Reproduce the entries below exactly, but only from the line containing "Aceite esencial de" to the line containing "بیماری هایی که باعث ریزش ابرو می شوند", inclusive.

Collection entries
***
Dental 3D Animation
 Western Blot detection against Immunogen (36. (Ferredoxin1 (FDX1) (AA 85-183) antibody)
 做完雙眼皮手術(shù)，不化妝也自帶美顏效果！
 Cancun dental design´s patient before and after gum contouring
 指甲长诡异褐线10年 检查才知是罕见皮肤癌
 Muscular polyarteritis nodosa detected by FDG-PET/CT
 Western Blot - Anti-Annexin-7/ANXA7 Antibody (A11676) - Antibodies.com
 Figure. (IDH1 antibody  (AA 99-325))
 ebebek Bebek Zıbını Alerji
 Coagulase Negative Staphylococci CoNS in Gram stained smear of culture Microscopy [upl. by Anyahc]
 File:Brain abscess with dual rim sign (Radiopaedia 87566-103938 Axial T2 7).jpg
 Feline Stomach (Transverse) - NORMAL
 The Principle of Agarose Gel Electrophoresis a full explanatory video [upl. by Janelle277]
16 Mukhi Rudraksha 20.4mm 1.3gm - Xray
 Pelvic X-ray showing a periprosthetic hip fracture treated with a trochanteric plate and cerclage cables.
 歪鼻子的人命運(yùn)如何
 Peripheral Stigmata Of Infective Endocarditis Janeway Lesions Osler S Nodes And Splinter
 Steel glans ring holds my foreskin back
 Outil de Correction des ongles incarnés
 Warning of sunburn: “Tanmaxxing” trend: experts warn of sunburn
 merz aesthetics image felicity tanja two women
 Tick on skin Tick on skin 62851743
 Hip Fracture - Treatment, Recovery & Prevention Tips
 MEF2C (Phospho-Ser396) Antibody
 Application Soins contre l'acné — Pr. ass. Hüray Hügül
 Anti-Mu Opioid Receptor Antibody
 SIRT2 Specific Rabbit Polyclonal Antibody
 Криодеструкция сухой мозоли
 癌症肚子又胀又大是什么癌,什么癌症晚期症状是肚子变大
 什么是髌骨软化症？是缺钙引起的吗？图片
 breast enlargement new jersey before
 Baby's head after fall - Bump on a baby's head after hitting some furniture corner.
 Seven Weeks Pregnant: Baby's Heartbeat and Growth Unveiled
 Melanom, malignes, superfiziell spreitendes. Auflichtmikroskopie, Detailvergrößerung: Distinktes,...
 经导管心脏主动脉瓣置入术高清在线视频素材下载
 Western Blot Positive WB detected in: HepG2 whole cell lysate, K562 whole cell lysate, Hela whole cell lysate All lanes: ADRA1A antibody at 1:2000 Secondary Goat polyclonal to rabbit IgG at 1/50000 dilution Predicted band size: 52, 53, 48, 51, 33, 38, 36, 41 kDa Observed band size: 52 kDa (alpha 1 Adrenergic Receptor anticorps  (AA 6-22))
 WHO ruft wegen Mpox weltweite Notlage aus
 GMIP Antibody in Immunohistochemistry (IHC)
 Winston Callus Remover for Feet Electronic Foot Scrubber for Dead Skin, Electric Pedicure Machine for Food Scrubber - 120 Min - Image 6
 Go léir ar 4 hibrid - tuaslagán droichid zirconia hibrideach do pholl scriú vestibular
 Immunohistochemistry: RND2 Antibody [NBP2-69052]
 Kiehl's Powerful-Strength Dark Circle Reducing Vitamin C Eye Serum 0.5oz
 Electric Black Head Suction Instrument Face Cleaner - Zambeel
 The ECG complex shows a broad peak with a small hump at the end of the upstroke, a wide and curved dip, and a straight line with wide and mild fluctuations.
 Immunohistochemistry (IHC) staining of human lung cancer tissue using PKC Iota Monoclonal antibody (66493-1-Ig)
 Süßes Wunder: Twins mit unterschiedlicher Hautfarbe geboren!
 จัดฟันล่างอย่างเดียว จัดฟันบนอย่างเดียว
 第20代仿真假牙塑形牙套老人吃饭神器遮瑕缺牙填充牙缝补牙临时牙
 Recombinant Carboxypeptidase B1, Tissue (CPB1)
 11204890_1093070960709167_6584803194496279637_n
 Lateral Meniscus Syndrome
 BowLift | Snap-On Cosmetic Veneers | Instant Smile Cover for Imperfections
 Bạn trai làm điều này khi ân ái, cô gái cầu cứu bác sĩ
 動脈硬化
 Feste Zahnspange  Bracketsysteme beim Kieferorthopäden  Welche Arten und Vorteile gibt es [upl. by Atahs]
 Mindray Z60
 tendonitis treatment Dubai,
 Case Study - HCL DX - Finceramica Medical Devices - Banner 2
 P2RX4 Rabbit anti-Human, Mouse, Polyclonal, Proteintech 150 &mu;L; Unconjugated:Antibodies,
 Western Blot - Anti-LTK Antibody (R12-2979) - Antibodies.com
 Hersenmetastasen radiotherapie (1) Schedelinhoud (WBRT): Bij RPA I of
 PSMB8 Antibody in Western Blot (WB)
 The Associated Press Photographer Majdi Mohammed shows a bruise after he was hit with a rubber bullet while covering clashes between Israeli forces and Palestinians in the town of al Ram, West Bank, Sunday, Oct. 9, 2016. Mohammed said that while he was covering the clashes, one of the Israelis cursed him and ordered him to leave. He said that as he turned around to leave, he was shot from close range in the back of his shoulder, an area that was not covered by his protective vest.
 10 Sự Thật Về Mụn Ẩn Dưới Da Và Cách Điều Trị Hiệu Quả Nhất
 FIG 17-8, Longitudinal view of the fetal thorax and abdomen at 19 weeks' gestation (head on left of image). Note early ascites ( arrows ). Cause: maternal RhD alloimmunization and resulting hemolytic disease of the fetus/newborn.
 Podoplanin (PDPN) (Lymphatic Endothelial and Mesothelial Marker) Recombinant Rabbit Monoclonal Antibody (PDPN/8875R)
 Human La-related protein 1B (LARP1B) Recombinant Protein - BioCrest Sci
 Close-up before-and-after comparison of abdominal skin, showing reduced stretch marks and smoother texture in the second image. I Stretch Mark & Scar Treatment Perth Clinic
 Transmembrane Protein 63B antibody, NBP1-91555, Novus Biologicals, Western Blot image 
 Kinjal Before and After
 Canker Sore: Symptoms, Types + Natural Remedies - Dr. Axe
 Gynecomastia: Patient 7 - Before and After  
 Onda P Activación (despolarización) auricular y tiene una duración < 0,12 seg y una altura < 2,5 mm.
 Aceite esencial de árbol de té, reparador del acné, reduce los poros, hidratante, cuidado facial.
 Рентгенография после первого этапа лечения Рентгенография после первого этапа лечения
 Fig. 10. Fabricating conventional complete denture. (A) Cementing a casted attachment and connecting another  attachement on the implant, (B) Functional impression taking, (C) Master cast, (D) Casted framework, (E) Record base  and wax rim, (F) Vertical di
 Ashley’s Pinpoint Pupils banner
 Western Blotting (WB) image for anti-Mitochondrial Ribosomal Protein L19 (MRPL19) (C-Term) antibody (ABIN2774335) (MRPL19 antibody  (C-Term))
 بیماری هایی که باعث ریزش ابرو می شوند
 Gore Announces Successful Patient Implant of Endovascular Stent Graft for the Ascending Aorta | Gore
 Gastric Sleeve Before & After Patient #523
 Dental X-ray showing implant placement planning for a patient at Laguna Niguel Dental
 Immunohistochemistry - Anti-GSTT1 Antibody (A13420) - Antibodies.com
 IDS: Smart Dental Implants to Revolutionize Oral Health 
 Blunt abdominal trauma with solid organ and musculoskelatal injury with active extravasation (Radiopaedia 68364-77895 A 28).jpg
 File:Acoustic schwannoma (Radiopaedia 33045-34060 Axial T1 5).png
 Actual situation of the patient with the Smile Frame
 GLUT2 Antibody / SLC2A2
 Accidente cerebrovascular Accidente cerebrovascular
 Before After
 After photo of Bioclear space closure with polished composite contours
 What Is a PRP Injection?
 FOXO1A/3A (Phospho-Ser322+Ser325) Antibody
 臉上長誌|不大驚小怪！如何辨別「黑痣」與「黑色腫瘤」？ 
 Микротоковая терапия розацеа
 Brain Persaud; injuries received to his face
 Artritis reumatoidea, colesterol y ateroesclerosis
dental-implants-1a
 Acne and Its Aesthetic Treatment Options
***
_RESPONSE TO THIS TASK_:
 Aceite esencial de árbol de té, reparador del acné, reduce los poros, hidratante, cuidado facial.
 Рентгенография после первого этапа лечения Рентгенография после первого этапа лечения
 Fig. 10. Fabricating conventional complete denture. (A) Cementing a casted attachment and connecting another  attachement on the implant, (B) Functional impression taking, (C) Master cast, (D) Casted framework, (E) Record base  and wax rim, (F) Vertical di
 Ashley’s Pinpoint Pupils banner
 Western Blotting (WB) image for anti-Mitochondrial Ribosomal Protein L19 (MRPL19) (C-Term) antibody (ABIN2774335) (MRPL19 antibody  (C-Term))
 بیماری هایی که باعث ریزش ابرو می شوند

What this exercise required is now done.